BRIEF DESCRIPTION OF THE DRAWINGS FIG. 1 is a circuit diagram showing details of a REF clock circuit used in a semiconductor memory device according to an embodiment of the present invention. FIG. 2 is a timing chart for explaining the operation of the embodiment shown in FIG. 1; FIG. 3 is a timing chart for explaining the operation of the embodiment shown in FIG. 1; FIG. 4 is a block diagram illustrating an example of a conventional semiconductor memory device. FIG. 5 is a circuit diagram showing details of a REF clock circuit shown in FIG. 4; FIG. 6 is a circuit diagram showing details of a / CE generation circuit shown in FIG. 4; FIG. 7 is a timing chart showing an operation in a read cycle of the conventional example shown in FIG. FIG. 8 shows a conventional / CAS before / RA shown in FIG.
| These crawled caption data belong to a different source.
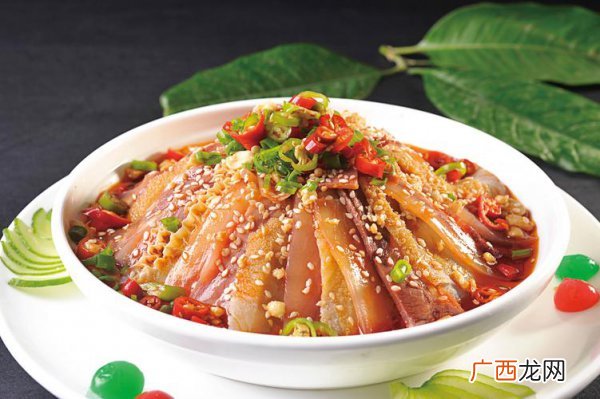 夫妻肺片是什么
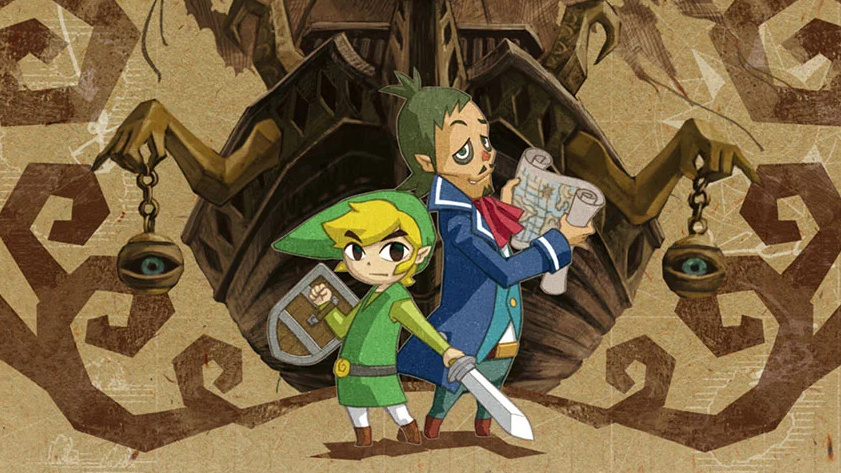 The Legend of Zelda Phantom Hourglass 2007 cropped processed by imagy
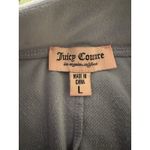 Juicy Couture  Bling Velour Pants Freesia Purple Size Large Photo 6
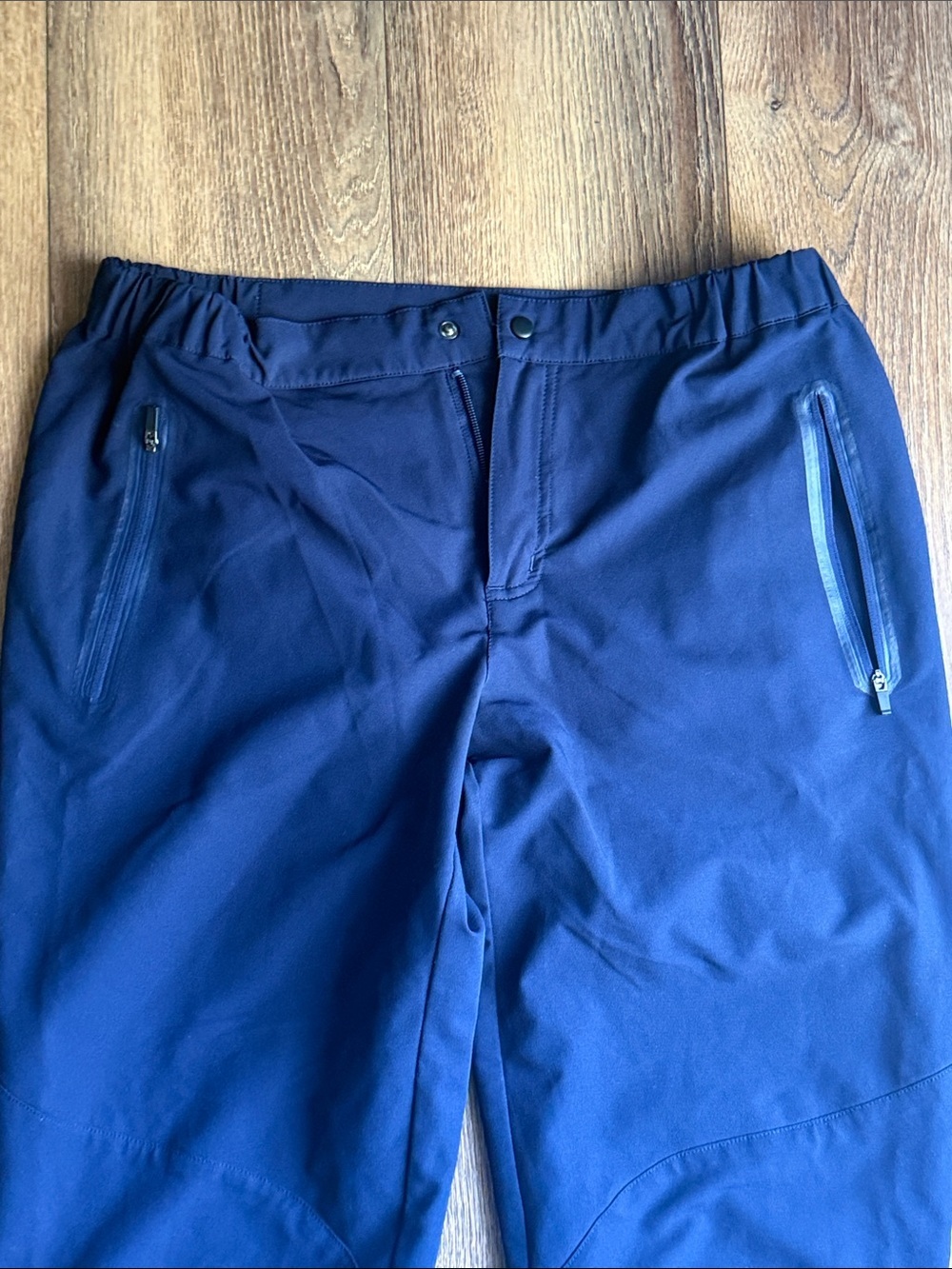 Men's Navy Performance Jogger Pants - Picture 4 of 8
FIG. 4 is a timing chart showing an operation in an S refresh mode. FIG. 9 is a timing chart for explaining a problem that occurs in the / CAS before / RAS refresh mode in the embodiment shown in FIG. 4; [Description of Signs] 1 semiconductor memory device, 2, 3, 4 input terminal, 5 address input terminal, 10 memory cell array, 11 sense amplifier / I / O gate, 12 column decoder, 13 column address buffer, 14 row decoder, 15 Row address buffer, 16 row address counter, 1
7 'REF clock circuit, 17a, 17b, 17e,
17f NOR gate, 17c AND gate, 17
d, 17g Inverter, 18 / RAS clock circuit, 19 / CAS clock circuit, 20 R / W clock circuit, 30 / CE generation circuit.

Claims (1)

(57) [Claims] A memory cell array (1) having a plurality of memory cells
0), a column address system (12, 13) for designating a column address of the memory cell array following the external column address data, and an external row address data or an internally generated row address data. A row address system (14, 1) for designating a row address of the memory cell array follows.
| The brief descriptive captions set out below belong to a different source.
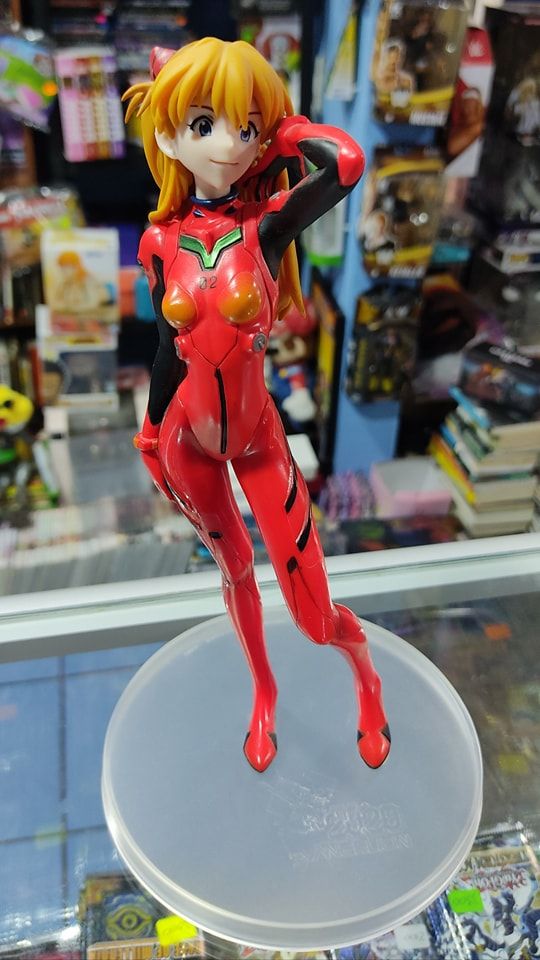 SH Asuka Figura Bandai Spirits Evangelion 2.0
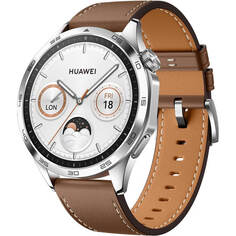 Смарт-часы Huawei Watch GT 4 коричневый (55020BGX)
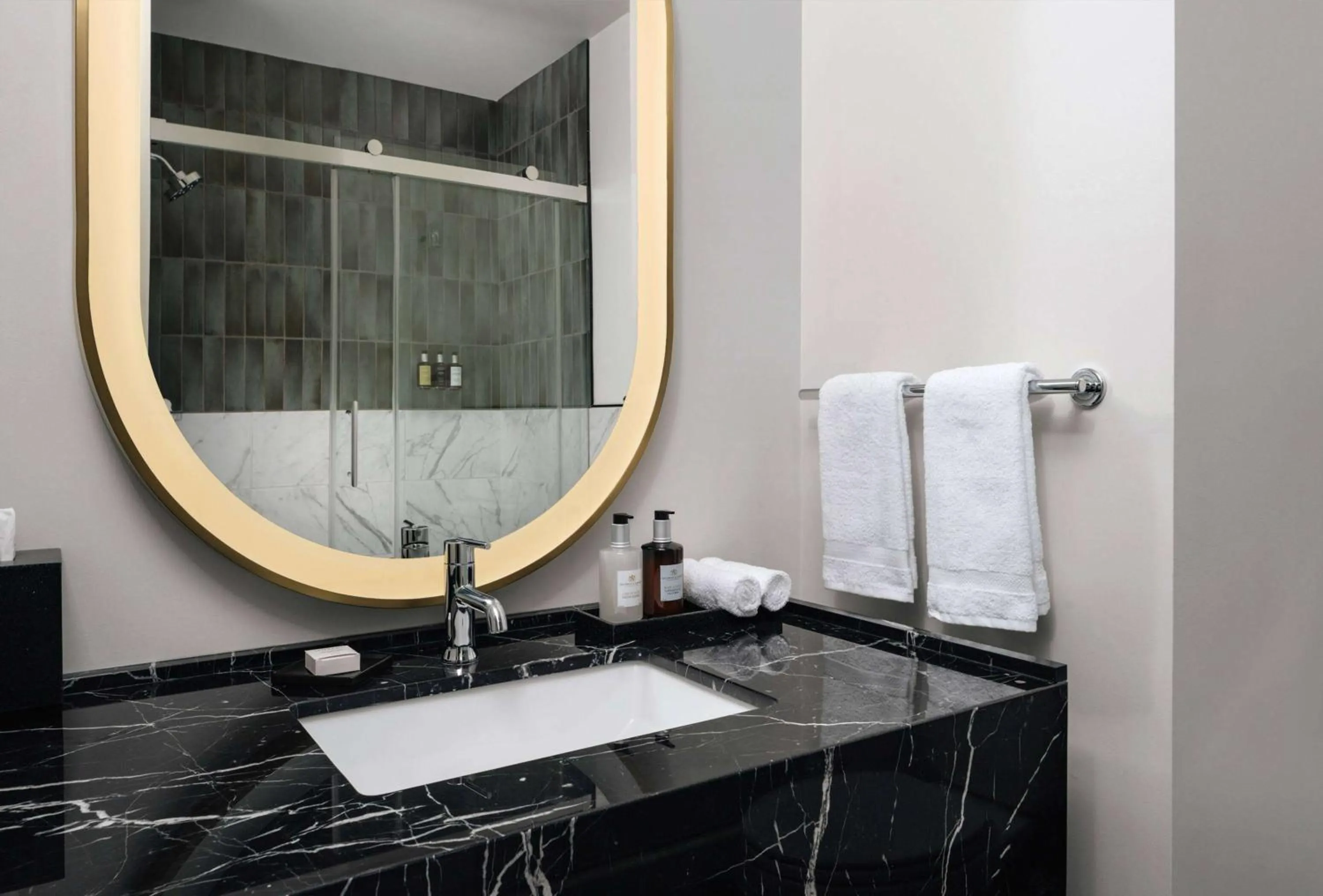 Bathroom in Origin Austin, a Wyndham Hotel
5, 16), a source (4) of a row address strobe signal (/ RAS), and a source (3) of a column address strobe signal (/ CAS). A semiconductor memory device having a refresh mode for operating the row address system following the refresh mode, wherein (t2) after the start of the refresh mode, the deactivation of the column address strobe signal (t3), and the refresh mode. Means (2) for supplying an external control signal (/ WE) inputted until the end or the second activation (B) of the column address strobe signal
Receiving the row address strobe signal and the column address strobe signal, activating the row address strobe signal in response to activation, and deactivating in response to the column address strobe signal inactivation. A first logic circuit means (17a-17d) for generating one internal control signal (REF '); receiving the first internal control signal and the external control signal, and activating the first internal control signal A second internal control signal (e.g., a second internal control signal activated in accordance with the activation of the column address strobe signal and deactivated between the end of the refresh mode or the second activation of the column address strobe signal). REF), a second logic circuit means (17e-17g) for generating the second internal control signal and the row address straw. Receiving a signal, generating a third internal control signal (/ CE) that is activated in response to the inactivation of the second internal control signal and inactivated in response to the inactivation of the row address strobe signal. Third logic circuit means (31a-3
1e), wherein the column address system receives the third internal control signal and becomes operable only during a period in which the third internal control signal is activated.